A property is usually used to provide controlled access to data within a class. In referencing routines, properties can be treated as if they were class fields, with certain restrictions. These restrictions include the following:

The CLEAR and INIT statements cannot be used on a property. Set the property to a value instead.
IF or WHILE or USING property=expression must be split into two statements, because you can’t call the get and set method on a property in a single statement.
A property can’t be passed to a subroutine, function, or method parameter other than as type IN or unspecified.

A field name and a property in the same class can have the same name as long as the case is different. In this situation, the compiler becomes case sensitive when resolving paths within that class. If the calling path doesn’t exactly match the case of either member, an “Ambiguous symbol” error (AMBSYM) occurs.

To add a property to a class and then use it in a program,

Create a new class or edit an existing class.

Use the PROPERTY statement to add a property to the class defining a get accessor method
and/or a set modifier method that accesses a field value. For example,

public class myclass
    private myfield, i4
    public property myproperty, i4
        method get
        proc
            mreturn myfield
        endmethod
        method set
        proc
            myfield = value 
        endmethod
    endproperty
endclass

Save the file containing the class declaration and compile it.

Add code to use the property. For example,

c1, @myclass
var1, i4
c1 = new myclass
c1.myproperty = 5
var1 = c1.myproperty

An indexer allows methods on an object to be called as though the object is an array. An indexer has the same requirements as a property, with a few additional requirements:

You must provide at least one argument to the indexer.
You can execute get and set accessors for an indexer property of a class using array syntax. For example, based on the following code,

m, @myclass
i, i4
m = new myclass()

m[2] = 23 would run the set accessor, and i = m[2] would run the get accessor.

An indexer cannot be declared as STATIC.

See Indexer properties for an example.

See the Synergex YouTube video Object-Oriented Methods and Properties for more information about properties.

Delegates

A delegate is a type-safe function pointer used by .NET that enables you to pass a method as a parameter value. See DELEGATE-ENDDELEGATE for more information.

Events

An event is an action that occurs as a result of another action (for example, a mouse click). See EVENT for more information.

Interfaces

An interface is a contract for a class that defines the properties, methods, and events that the class must use. See INTERFACE-ENDINTERFACE for more information.

Enumerations

An enumeration is a data type that consists of a set of named values. See ENUM for more information.

Nested classes

A nested class is a class declared within another class declaration. There is no limit to the number of nesting levels you can have.

You must use the name of the outer class as well as the nested class when referencing a nested class. In other words, the outer class name acts as if it were a namespace. For example, to create an instance of a nested class named class3, you would do the following:

p1, @class2.class3
p1 = new class2.class3( )

A nested class has access to any of the other members of an outer class, regardless of accessibility.

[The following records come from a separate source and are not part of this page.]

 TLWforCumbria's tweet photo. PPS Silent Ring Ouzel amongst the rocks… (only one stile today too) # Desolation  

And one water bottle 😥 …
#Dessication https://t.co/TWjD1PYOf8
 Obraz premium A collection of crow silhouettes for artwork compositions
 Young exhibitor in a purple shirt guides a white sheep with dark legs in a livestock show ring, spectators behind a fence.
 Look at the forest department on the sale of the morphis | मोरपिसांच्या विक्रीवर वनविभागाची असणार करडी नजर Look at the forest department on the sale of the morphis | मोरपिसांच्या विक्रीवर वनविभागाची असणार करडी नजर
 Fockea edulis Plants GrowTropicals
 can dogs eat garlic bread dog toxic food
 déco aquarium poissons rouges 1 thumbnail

Instance data would be accessed via an instance of the containing class, while static data would be available using the class itself. For example,

class c1
    static      x       ,i4
    y                   ,i4
    class c2
        method          m1      ,void
        record
            h1                  ,@c1
        proc
            h1 = new c1()
            c1.x = 5
            h1.y = 10
        end
    endclass
endclass

Also see Nested class requirements, along with the rest of the syntax specification for CLASS-ENDCLASS.

Operators

For a list and explanation of the operators that can be declared within a class, see Object operators.

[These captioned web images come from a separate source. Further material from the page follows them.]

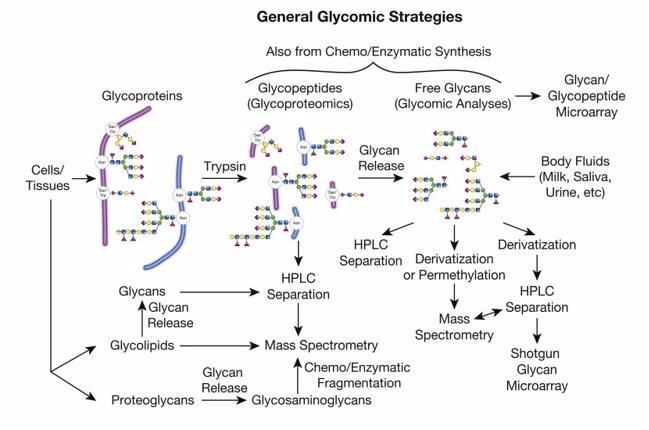 Glycomics Service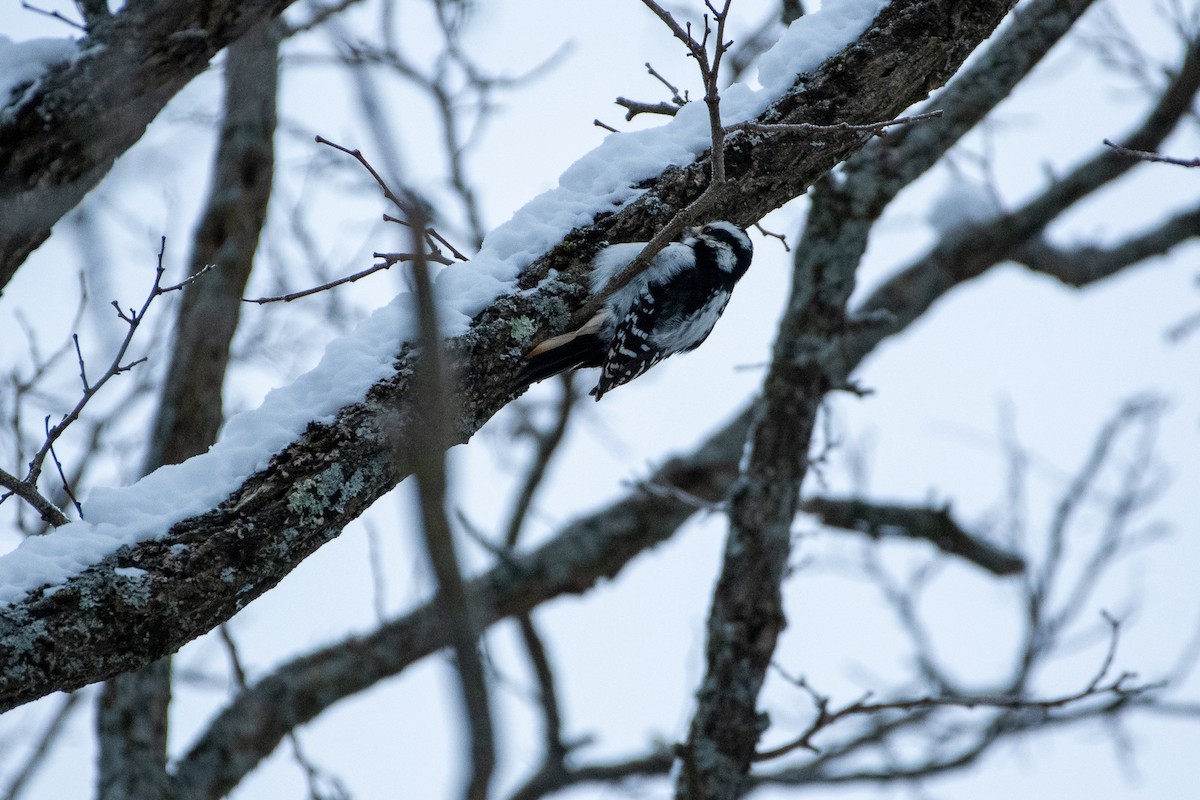 Downy Woodpecker (Eastern) - ML401589201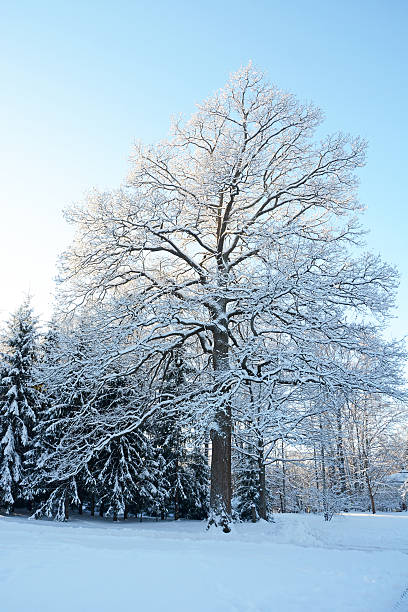 istock Single winter oak at the sunset. Winer scene 513244958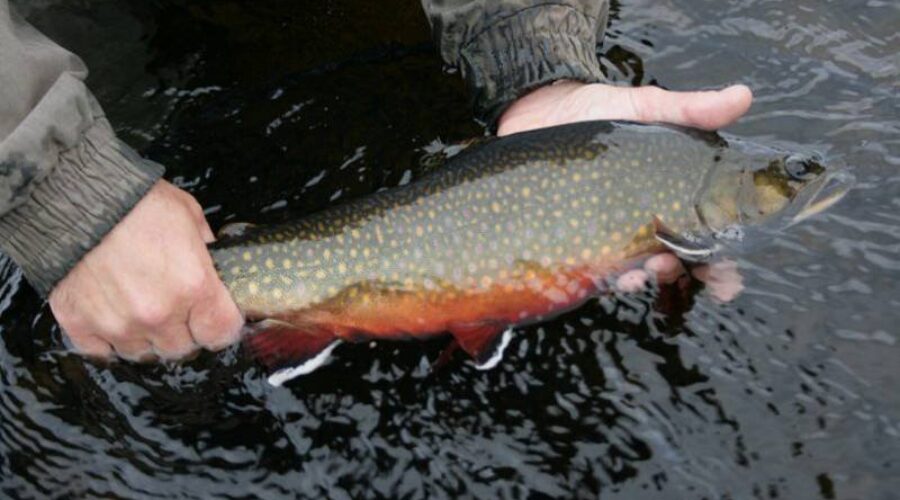 Winter Sportfishing Season Opens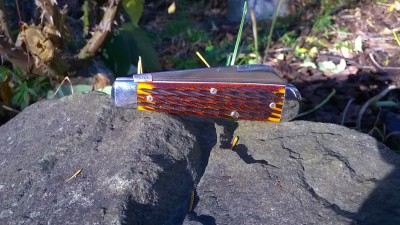 WP_20171024_008.jpg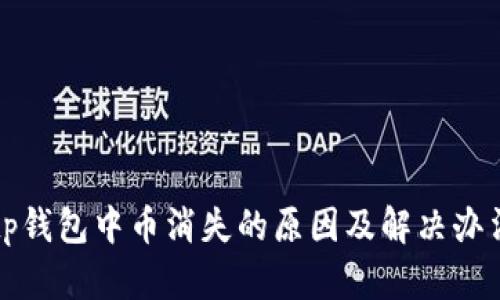 tp钱包中币消失的原因及解决办法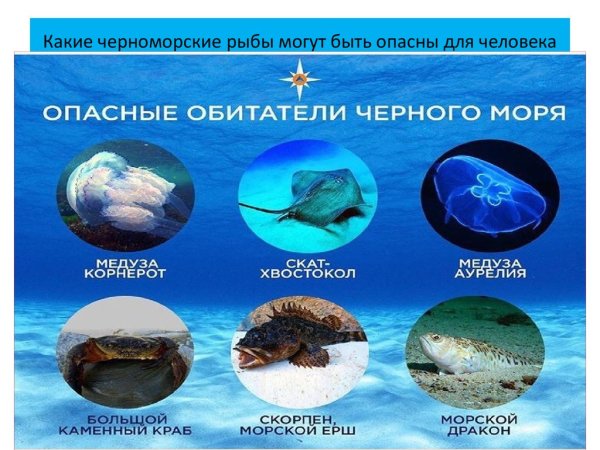Обитатели чарнага Мара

Constructors and destructors

A constructor is a class member method that is called whenever an instance of the class is created. It has the same name as the class. It is common to put initialization code in a constructor.

Constructors can have parameters, and a class can have multiple constructors as long as the method signatures are different.

For example,

public class class2
  public method class2          ;Default constructor
  endmethod
  public method class2          ;Constructor that takes an i4
      p1,       i4
      endparams
  endmethod

A constructor cannot have a return type. Only access modifiers (PUBLIC, PROTECTED, and PRIVATE, INTERNAL, and PROTECTED INTERNAL) and STATIC are allowed on a constructor. If you don’t declare a constructor, the compiler automatically generates a default constructor that has public accessibility. A static constructor is called on the first reference to the type, which could be when an instance constructor is called or when a static member is accessed directly. The debug name of the constructor is !MyClass. (MyClass is the name of the class containing the static constructor.)

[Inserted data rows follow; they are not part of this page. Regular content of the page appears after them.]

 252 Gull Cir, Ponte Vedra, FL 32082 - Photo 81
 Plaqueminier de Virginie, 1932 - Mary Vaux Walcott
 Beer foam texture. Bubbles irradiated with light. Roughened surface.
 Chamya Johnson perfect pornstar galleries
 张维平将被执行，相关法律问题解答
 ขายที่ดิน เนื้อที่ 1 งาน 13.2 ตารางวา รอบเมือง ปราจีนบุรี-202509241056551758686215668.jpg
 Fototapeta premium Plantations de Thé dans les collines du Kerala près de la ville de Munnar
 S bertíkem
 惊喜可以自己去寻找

Static constructors are only supported on Windows and Unix; they are not allowed on OpenVMS.

You can also declare a constructor initializer to run in conjunction with a constructor. The initializer can be specified as parent, to run a parent class constructor, or this, to run a current class constructor, followed by zero or more argument values.

To call the sibling constructor (using the specified optional arguments), use this syntax:

this([arg1][, arg2][,...])

To call the base constructor (using the specified optional arguments), use this syntax:

parent([arg1][, arg2][,...])

If you don’t specify an initializer, the default constructor, parent(), is assumed.

For example, if the mychild class extended another class and you wanted to run its constructor that took an i4 value, your code might look like this:

method mychild 
    p1, i4
    endparams
     parent(p1)
proc
endmethod

If this constructor called another constructor within mychild, it might look like this:

method mychild 
    p1, i4
    endparams
     this()
proc
endmethod

The initializer method signature must resolve to a constructor method in the parent class (if parent is used) or in the current class (if this is used). In traditional Synergy, you must not create a circular reference; otherwise, you will create an object that is never destroyed. (See Accessing members of the current instance or base class for more information about this and parent.)

A destructor is a class member function that is called before an instance of the class is destroyed. You can use it to perform any class-specific cleanup operations before the last reference to the class instance is cleared.

You can optionally declare a single destructor for a class by giving the method the same name as the class with a tilde (~) at the beginning. For example,

public class class2
    method ~class2

By default, a destructor is a virtual method that has protected accessibility.

Only one destructor is allowed for each class. A destructor declares no parameters and cannot return any values.

A destructor must never throw an exception, because it is called as part of the runtime cleanup. If errors in a destructor are not trapped, they can cause the runtime to enter an infinite loop. Therefore, you should always use the ONERROR or TRY-CATCH statement in a destructor to ensure the destructor exits.

In Synergy .NET, destructors are nondeterministic. Order and timing are at the discretion of garbage collection, and they may even execute after a STOP statement.

The Synergex YouTube video Constructors and Destructors contains additional information.

Also see Instantiation and destruction.